Killermont Street.com Home










 

Fan Essays

Freefall and Frame
by Kym S. Prieto ("Magus")

Most of us can recall, with alarming clarity, the moment when we first
heard the lyrical magic of Roddy Frame. Whether that watershed moment occurred back with High Land, Hard Rain, or much later, with Frestonia, we each can recall the particular song that catapulted us into forever fans. Often, I have asked myself what exactly is it about this artist which so sets him apart from other favorite musicians. To try to do this requires an immense expenditure of energy, as one can hardly pinpoint the elusive soulful-ness which hallmarks Roddy's unique ability to test drive different musical styles, and yet still remain fundamentally true to the pursuit of the same song. Through his departure from one album to the next, Roddy only draws us in deeper. We wait with bated breath for a glimpse at each new song. We savor those poignant moments when, after rushing headlong to the local record store, we purchase that newest album, and anxiously play that first song in the car, even before leaving the parking lot.

There are very few artists who affect us in this way. Very few who inspire a kind of giddy, can't-wait-to-hear-it smile on our faces. The music is excellent - true, precise, and melodic to the point where you simply must listen to the album over and over again. The songs get lodged in the brain, as many of us find ourselves humming the tunes at work, at play, and most assuredly, on long drives to vacation spots. Roddy is fundamentally an album musician: one song is simply not enough to get you through the day.

So what is it about this music? About this artist? I find myself bored with the proclamations of Roddy as the prodigal youth, as this label masquerading as explanation is far too limiting to provide insight.

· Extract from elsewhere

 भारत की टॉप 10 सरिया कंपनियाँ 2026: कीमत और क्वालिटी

We all can appreciate that he was born with a gift, and that he recognized it early enough to pursue it in his teen years. But being a natural is only half of it; the rest remains, for the most part, unexplored. There is more to Roddy and his music than a mere mastering of a craft. We can't exactly put our fingers on it, but we know it exists. For those of us who recognize the brilliance of his work, we question the awareness of those who do not. We see Roddy not as existing in potentiality, but as delivering the goods. He is timeless to us, as fluid and as unlimited as the sea of which he often sings.

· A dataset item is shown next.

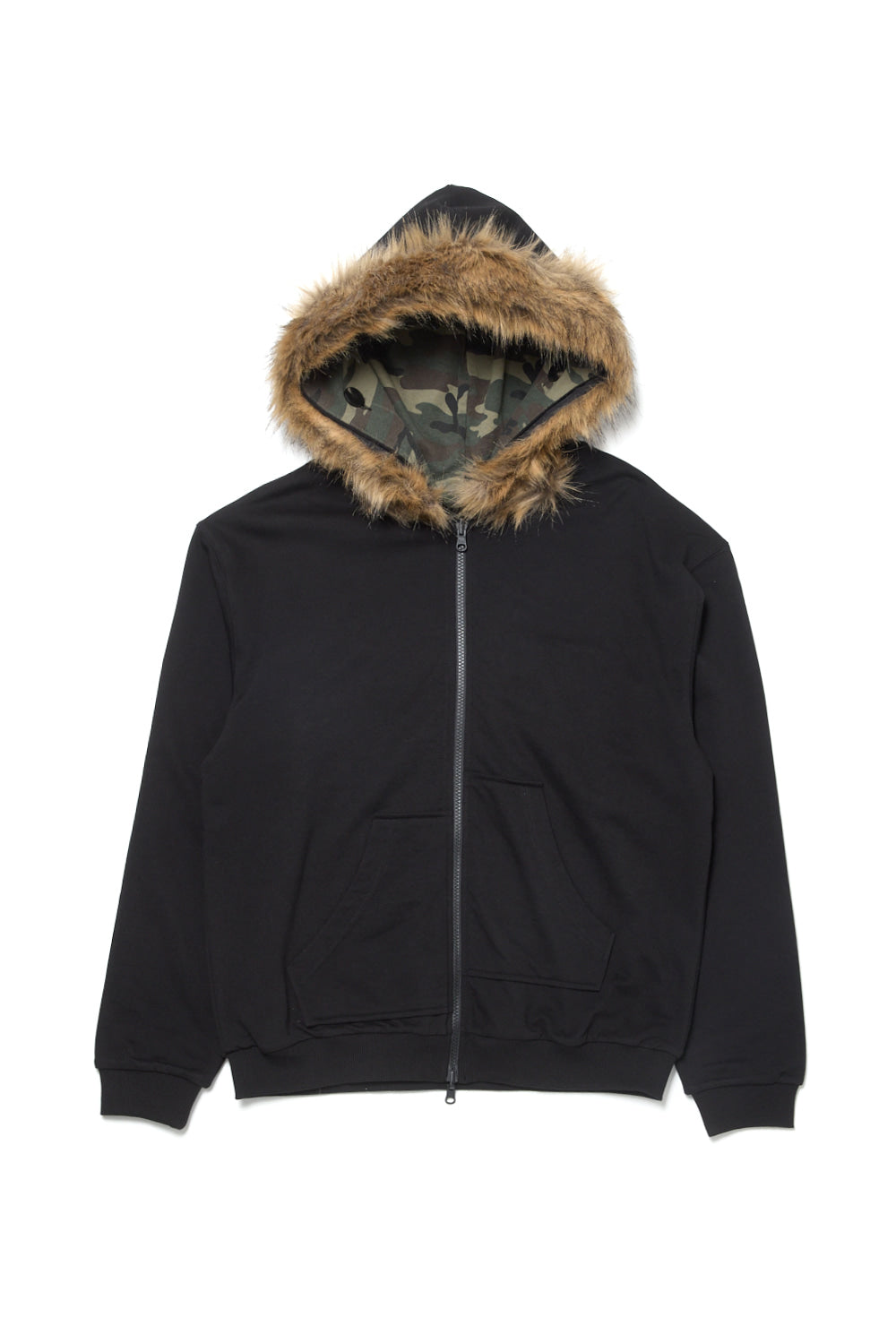 Hatchingroom - Reversible Faux Fur Hoodie (Black/Camo Khaki) product image 1 | TRAB K-Fashion Australia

To hear Roddy's music is to hear the growth of an artist in perpetual motion. It is this growth which, I suspect, captivates us the most. Not only does his music zigzag back and forth between various styles of musical expression, but it also parallels the experimentation in our own lives. Whether he intended to announce it or not, Roddy sums up this symbiosis when he penned The North Star lyric, "I'm gonna be your mirror / And you can mirror me." As each year goes by, and we wait for the next album to come out, we hang on -- soap-opera like -- to hear where we are now in our lives. Are we disillusioned yet? No, but we do have our moments. Have we amassed a lot of regrets? Not really, but upon reflection, we did make some dumb decisions. And where will we be next year? Well, that is to be continued... so stay tuned.

When we focus on the lyrics, our departures from youth to adulthood are captured in Roddy's songs; from the flushed, didactic idealism of songs like We Could Send Letters and Birth of the True, to the soul-felt acceptance of glory days gone by captured in Bigger, Better, Brighter. It is as if Roddy is reflecting the essence of his fan base - youthful hopefuls who, faced with the challenges of maintaining that optimism in the onslaught of adulthood and all its perils, return again and again to an ageless smile. An understanding that life is exactly what you make of it, and can continue to make it, if only we are true to ourselves. The message is clear: getting off that path is inevitable, but to return to it is a rebirth and a rediscovery of the most satisfying kind.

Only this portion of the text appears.